As the United States and Canada account for less than ten per cent of the world’s salmon production, and consequently are nowhere near covering their own domestic market, extensive salmon volumes must be flown or shipped to the North American market. Every year, more than 400,000 tonnes of salmon are consumed here.
This means that Chilean and European fish farmers must add air freight in the cost calculations for the fish offered in this market. This means that the American salmon market, over time, has a price premium of €0.80-1.00 per kilo – depending on the air freight cost applicable at any given time.
This particular premium is a very central part of the business idea of the land-based farmer Atlantic Sapphire.
With production close to the Everglades in Florida, safely inside the US market, the company can pocket the price premium. This price premium can also be used as a comfortable buffer – to compensate for higher production costs than for competing fish farms in the sea.
But it requires that the company obtains a price premium. Because in December, the fish was sold at a discount.
In the presentation material related to the current trading update from Atlantic Sapphire, it appears that the company achieved a sales price of $7.5 per kilo. It is identical to Fish Pool’s Oslo price in December.
Put another way, the fish was sold at a discount equal to the air freight cost to European salmon farmers.
CEO Johan E. Andreassen does not completely agree with the premises for this.
“If Fish Pool in Oslo was $7.50 in December, it is true that it was our average price for all sizes and qualities. For 3-6 kilos superior on the other hand, we achieved $12.30. This is more comparable to Fish Pool in Oslo, since the Fish Pool Index is only 3-6 kilos superior as well. Comparing apples to apples, that is a premium of $4.8 dollars,” he said.
“The reason why our average price is $7.5 is a large proportion of prod B (downgraded fish – ed. note) and fish under kilos due to sexual maturation on the first batches,” Andreassen added.

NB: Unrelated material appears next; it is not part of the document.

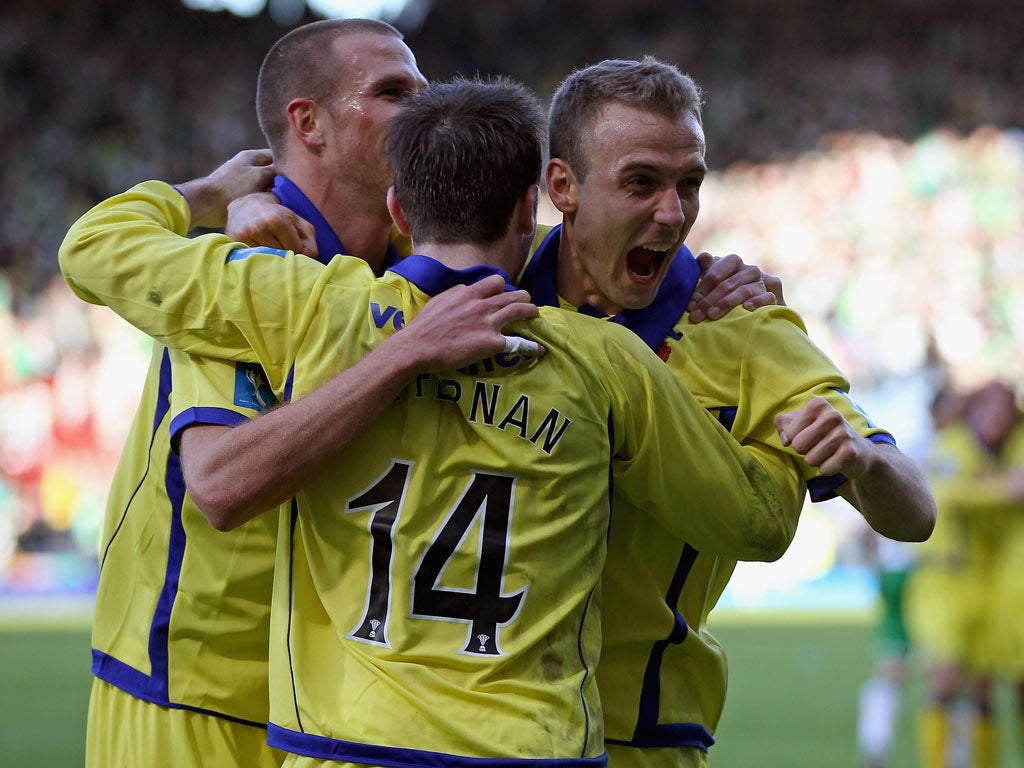 Liam Kelly of Kilmarnock celebrates with Paul Hieffernan after beating Celtic 1-0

Atlantic Sapphire harvested 400 tonnes, equivalent to 22 truckloads of salmon, in December. The company further states that it has a biomass of just under 2,569 tonnes swimming in the tanks in Florida.
For the first half of this year, the company estimates a harvest volume of between 2,000 and 2,500 tonnes of salmon. It appears from the presentation material that the fish that are to be harvested in the first quarter will be of a small size and have a high proportion of downgrades.
“We have a mix of usable fish and bad fish in the initial batches. We try to get the worst out first, since they do not perform. So therefore, the average price will probably gradually increase as we harvest through these batches,” Andreassen explained.